I can understand your point AWolf. I used to measure everything and tried be precise in all that went into my tank (fert wize). I started my dutch tank using PPS pro, then moved on to EI. I met Colin (niloCg) a couple years ago and we've talked quite often and late last year I was telling him that I was always missing daily doses, I asked him if he had something simpler than EI (yes I know it's simple anyway, but I'm lazy). So he told me about his new All-in-one and asked if I would use my tank as a testbed for his new fert. I have a 125g Dutch tank with upwards of 150 fish, 500+ red cherry shrimp, a bamboo shrimp, and some CPO dwarf crays. I started using it in January of 2016 and to be honest, there is very little difference, in terms of results, between EI and Thrive. The difference is that thrive is one bottle that I can dose 3x per week and that's it. I can't remember the last time a fish died and my shrimp colony is thriving so I can say for sure that it is 100% shrimp/fish safe. I think he doesn't want to list the exact recipe because he worked hard to perfect the levels of each ingredient, and it's his business' product that he wants to protect. That being said, I would definitely recommend it if you want to save yourself some trouble. It is a bit more expensive than dry but I'll pay for some convenience.


----------



## Nazasaki

ChalupaBatman said:


> That being said, I would definitely recommend it if you want to save yourself some trouble. It is a bit more expensive than dry but I'll pay for some convenience.
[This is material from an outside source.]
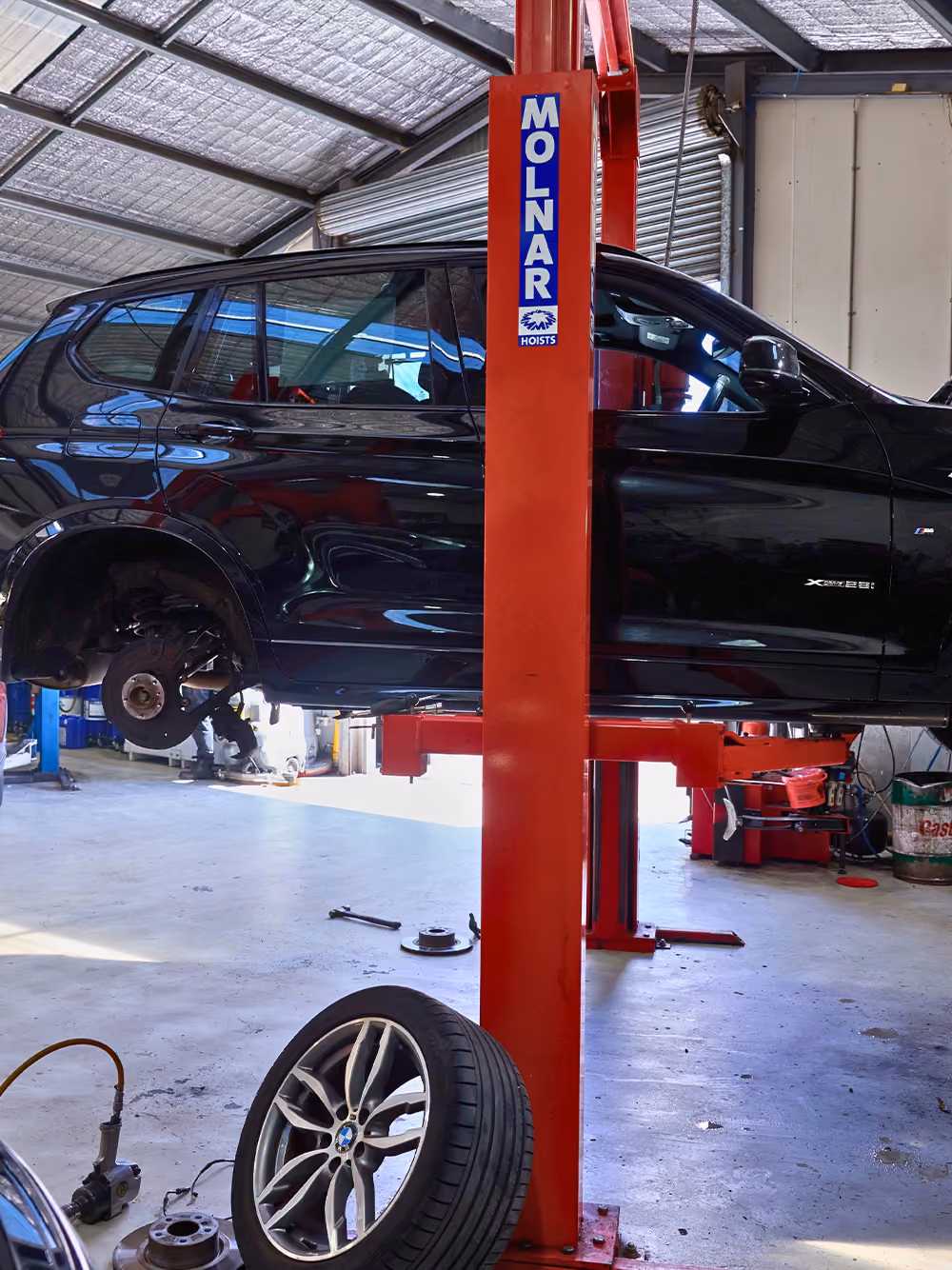 Car raised on hoist in workshop with wheel removed during mechanical inspection.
Thanks for the input! I'm going to try the Seachem products I already ordered for a few months and see if I like them. If I don't like the results I'm getting I'll order the liquid for Nilcog.


----------



## AWolf

Nazasaki said:


> Yes they are a form of algae but excel in small doses will not harm them. People normally run into issues when the dose is doubled or when putting excel directly onto the marimo.
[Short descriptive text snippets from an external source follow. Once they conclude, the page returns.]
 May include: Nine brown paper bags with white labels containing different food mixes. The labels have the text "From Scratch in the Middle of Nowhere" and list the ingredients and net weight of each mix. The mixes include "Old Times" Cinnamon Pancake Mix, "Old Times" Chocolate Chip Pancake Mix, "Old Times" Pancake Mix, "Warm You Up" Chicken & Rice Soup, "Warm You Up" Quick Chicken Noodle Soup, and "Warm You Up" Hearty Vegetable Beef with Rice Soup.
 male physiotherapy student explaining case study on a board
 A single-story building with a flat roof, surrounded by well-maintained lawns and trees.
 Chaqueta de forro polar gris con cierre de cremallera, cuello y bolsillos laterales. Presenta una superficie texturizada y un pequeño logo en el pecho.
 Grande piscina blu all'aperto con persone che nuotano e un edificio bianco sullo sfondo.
I've heard that using 1/2 the recommended dose for excel is common practice in order to keep things alive. I've read many sad stories about excel and it's effects. Less is more.


----------



## Nazasaki

AWolf said:


> Less is more.


Agreed entirely.


----------



## Padres1234

So what's the difference then between Thrive Thrive All In One Liquid Fertilizer | 500ml Bottle - NilocG Aquatics and the Liquid Dosing Liquid NPK+M - NilocG Aquatics


----------



## bsantucci

Two bottles versus one. Three days of dosing versus six. Colin's thrive has his own proprietary blend versus EI though.
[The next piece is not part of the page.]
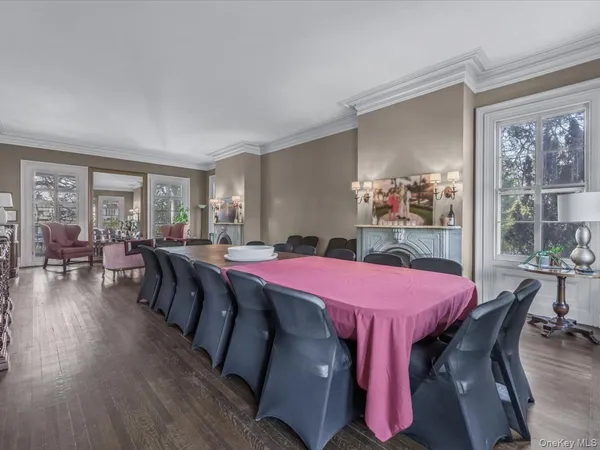 a dining room with a wooden table and chairs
Ive been using thrive for about 2 weeks versus dry dosing. To be honest I am getting better growth from some stubborn plants I've had trouble with in the past. Too early to tell 100 percent but it seems to be a good mix. I was planning to going back to making my own solutions already since I have some suspicions around dry dosing causing my issues. 

Long term I think thrive will be too costly to dose for my 48g tank though. 

Sent from my Nexus 6P using Tapatalk


----------



## AWolf

ChalupaBatman said:


> I think he doesn't want to list the exact recipe because he worked hard to perfect the levels of each ingredient, and it's his business' product that he wants to protect..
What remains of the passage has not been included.